Corporate America and Wall Street have been working for years to provide individual investors with a way to tap into the IPO market, in part because of the share price jumps that issuers often see in their stock debuts. The 114 operating company IPOs in the U.S. so far in 2021 saw an average first-day return of 29.7%, according to data from the University of Florida's Ritter. Much of that bounce takes place in the stock's initial trades. But in some cases, IPO stocks that bounced on the first day can lose their shine in subsequent weeks or months. RLX Technology Inc., which had the best first-day performance of any U.S. IPO this year, raising at least $100 million, was trading 9.3% below its IPO price as of May 26.

Past attempts

In the past, issuers themselves have tried to solve the puzzle of getting retail investors more involved in IPOs.

One of the first to do so was Boston Beer Co. Inc. In 1995, the maker of Samuel Adams used its bottles to advertise $15 common shares in its upcoming IPO — a better deal than the $20 that Wall Street institutions were set to pay. About 30,000 people bought shares through the offer, according to a 1996 article from The New York Times, in which the company's founder estimated that about two-thirds of them were still holding their shares more than a year later. Boston Beer shares struggled for many years after the IPO. But anyone still holding their shares 25 years later would have booked a 6,770% gain as of May 27.

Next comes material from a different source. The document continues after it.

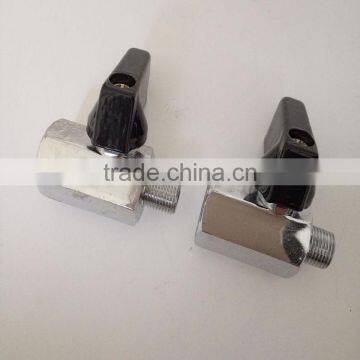 1/4" 3/8" 1/2"hot Sale Male Thread Brass Ball Valve photo-3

Not every retail investor-heavy IPO has gone well, though. In Vonage Holdings Corp.'s 2006 IPO, thousands of customers bought in through an expanded direct share program. But Vonage's stock plunged after opening at $17 per share, and it has not closed above that value in the 15 years since.

In a recent case, Deliveroo PLC partnered with Primarybid Ltd. to offer shares to customers in its March listing on the London Stock Exchange. About 70,000 of them bought shares at the £3.90 issue price, according to CNBC. Shares in Deliveroo tanked in their opening session March 31 and were trading at £3.59 May 24.

"If you're going to play in this world as retail, it's a bit of buyer-beware," a former New York Stock Exchange executive, who asked not to be named to respect business relationships, said in an interview.